Registered: 10/15/05
Posts: 3280
Loc: New Jersey
Ahhhh, 2 Adonis's on the board - who-da-thunk-it *lol*

You guys provide a lot of insight into the way some survivors think, unfortunately, neither one of you fits my b/f's profile. He's damn near a sexaholic, maybe he really is one, I don't know.

I actually believe that the way you describe yourselves is exactly the way he was during his early 20's and for the 11 years that he was married. His marriage was not a good one and sex was something to be endured, by her, only a couple of times a year. His desires were certainly there, but he couldn't or wouldn't act on them. He was a masturbating fool. When he got divorced, all hell broke loose and he became the equivalent of a male whore - whenever, wherever, however and whoever. He, however, was never the instigator.

He hung out in some very unsavory places and was always the nicest, most caring guy in the place. He also was and is a great protector. The women loved him. Unfortunately, they were all women who were themselves damaged in one way or another.
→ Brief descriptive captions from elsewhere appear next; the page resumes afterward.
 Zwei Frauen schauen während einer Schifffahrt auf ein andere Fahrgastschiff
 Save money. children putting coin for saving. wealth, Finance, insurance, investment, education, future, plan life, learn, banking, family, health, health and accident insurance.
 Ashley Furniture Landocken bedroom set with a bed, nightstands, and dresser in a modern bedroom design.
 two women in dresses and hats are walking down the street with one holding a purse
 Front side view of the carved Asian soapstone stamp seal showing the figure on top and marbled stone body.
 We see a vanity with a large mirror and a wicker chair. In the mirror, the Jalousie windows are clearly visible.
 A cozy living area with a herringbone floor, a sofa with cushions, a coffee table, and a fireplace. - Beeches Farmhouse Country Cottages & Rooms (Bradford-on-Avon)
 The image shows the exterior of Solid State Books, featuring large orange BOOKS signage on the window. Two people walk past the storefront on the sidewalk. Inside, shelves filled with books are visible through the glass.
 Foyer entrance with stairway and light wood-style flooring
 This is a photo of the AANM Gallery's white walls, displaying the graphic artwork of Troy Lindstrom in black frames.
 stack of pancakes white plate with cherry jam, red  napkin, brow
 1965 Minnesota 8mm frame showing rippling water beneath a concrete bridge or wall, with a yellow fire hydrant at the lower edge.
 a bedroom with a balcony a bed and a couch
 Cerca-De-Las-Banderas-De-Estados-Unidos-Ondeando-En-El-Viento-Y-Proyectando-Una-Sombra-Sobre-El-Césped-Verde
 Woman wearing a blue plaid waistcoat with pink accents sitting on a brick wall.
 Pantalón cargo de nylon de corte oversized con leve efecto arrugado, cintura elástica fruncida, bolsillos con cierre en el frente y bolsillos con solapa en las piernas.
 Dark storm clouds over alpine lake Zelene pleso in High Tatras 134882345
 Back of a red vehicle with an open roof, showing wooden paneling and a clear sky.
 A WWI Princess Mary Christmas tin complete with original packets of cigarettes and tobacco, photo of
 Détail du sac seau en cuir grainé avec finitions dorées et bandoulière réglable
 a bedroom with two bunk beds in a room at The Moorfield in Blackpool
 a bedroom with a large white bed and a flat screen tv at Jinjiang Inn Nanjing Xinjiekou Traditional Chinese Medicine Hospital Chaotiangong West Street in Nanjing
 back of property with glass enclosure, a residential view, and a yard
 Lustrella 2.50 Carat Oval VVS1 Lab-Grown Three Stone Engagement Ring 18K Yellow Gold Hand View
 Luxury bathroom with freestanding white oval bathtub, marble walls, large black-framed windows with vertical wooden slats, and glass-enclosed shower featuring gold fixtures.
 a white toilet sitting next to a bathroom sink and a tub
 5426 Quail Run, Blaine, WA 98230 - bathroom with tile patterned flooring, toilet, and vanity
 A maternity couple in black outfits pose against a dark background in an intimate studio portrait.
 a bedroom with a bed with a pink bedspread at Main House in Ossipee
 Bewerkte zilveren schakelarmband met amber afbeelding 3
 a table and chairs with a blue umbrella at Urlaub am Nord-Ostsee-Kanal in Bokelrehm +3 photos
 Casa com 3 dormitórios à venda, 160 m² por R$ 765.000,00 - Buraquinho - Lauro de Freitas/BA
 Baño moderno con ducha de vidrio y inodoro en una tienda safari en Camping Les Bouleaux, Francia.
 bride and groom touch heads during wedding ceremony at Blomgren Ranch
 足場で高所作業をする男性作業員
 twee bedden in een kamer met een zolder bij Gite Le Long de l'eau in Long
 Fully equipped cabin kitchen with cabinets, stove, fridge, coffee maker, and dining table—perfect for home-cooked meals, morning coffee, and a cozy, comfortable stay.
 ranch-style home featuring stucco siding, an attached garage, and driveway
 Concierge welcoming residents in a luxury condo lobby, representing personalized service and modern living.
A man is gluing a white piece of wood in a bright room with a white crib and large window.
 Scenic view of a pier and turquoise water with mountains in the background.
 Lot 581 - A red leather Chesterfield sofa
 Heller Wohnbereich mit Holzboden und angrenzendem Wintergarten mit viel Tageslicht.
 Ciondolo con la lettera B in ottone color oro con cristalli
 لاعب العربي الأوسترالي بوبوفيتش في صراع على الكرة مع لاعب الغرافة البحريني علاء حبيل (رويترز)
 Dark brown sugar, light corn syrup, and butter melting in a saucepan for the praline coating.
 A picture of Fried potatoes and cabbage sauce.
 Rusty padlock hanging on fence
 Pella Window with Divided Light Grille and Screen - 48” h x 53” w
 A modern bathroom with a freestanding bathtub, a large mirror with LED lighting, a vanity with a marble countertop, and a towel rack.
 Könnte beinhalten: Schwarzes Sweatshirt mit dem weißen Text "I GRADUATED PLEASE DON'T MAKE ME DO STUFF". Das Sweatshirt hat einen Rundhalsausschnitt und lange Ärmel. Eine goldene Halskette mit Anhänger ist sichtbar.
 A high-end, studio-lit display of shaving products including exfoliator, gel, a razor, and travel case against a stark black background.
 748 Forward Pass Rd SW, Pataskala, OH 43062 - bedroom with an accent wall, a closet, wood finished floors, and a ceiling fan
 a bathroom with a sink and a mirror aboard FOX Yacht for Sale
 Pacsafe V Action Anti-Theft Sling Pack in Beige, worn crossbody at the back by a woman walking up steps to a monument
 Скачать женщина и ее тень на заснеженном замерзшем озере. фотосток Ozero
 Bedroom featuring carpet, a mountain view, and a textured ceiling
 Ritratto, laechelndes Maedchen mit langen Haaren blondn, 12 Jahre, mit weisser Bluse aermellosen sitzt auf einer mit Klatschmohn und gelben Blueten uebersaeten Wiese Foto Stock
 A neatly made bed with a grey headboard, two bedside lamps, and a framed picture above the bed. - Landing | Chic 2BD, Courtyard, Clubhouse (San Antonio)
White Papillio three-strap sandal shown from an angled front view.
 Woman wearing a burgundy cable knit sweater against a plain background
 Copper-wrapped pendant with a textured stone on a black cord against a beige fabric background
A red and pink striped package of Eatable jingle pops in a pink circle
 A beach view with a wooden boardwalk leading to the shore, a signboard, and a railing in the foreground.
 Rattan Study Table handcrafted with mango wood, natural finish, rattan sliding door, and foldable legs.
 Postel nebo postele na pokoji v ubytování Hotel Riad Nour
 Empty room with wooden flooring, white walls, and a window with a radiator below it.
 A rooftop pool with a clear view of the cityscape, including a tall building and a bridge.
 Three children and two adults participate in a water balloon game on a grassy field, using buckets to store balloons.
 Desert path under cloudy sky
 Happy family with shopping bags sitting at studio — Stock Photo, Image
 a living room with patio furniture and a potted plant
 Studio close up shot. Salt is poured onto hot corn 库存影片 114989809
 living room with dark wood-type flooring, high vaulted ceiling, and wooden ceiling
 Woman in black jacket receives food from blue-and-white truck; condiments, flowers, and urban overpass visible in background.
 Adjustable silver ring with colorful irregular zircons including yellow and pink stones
He related very closely to that, although he never told them about himself.

After I found out he'd been cheating on me, he actually told me that the women he was with had this problem, or that problem; they'd been molested or raped, etc., etc. Did I feel better? Hell NO. He seemed to see it as his mission to "teach" these women that sex could be good and healthy. As you can imagine, I didn't have the same sympathies for them that he did, not in the context in which I learned about them. He thinks he can heal everyone except himself. Quite honestly, that pisses me off! I sure as hell am not about to sit back while he gets his rocks off and makes other people feel better and makes me feel like crap.

I think we're past that, but I've no doubt he still thinks about it. Not only for the excitement and the sex, but I truly believe he got satisfaction in making someone else's life better. He didn't have to make my life better because it was already good, I simply fell in love with him and want him in my world. He doesn't know how to cope with that.

In a weird twist to SAR's original question of how my partner has made me feel, I almost feel like if I were a woman who had problems for him to fix, it might be better for him, maybe he would relate to me better. I'm not that woman, so he felt the need to act out, so maybe some of it is my fault. I donít really accept that because I know itís not rational, but I never knew I even thought it until I wrote it.

ROCK ON.......Trish

_________________________
If you fall down 10 times, Stand up 11.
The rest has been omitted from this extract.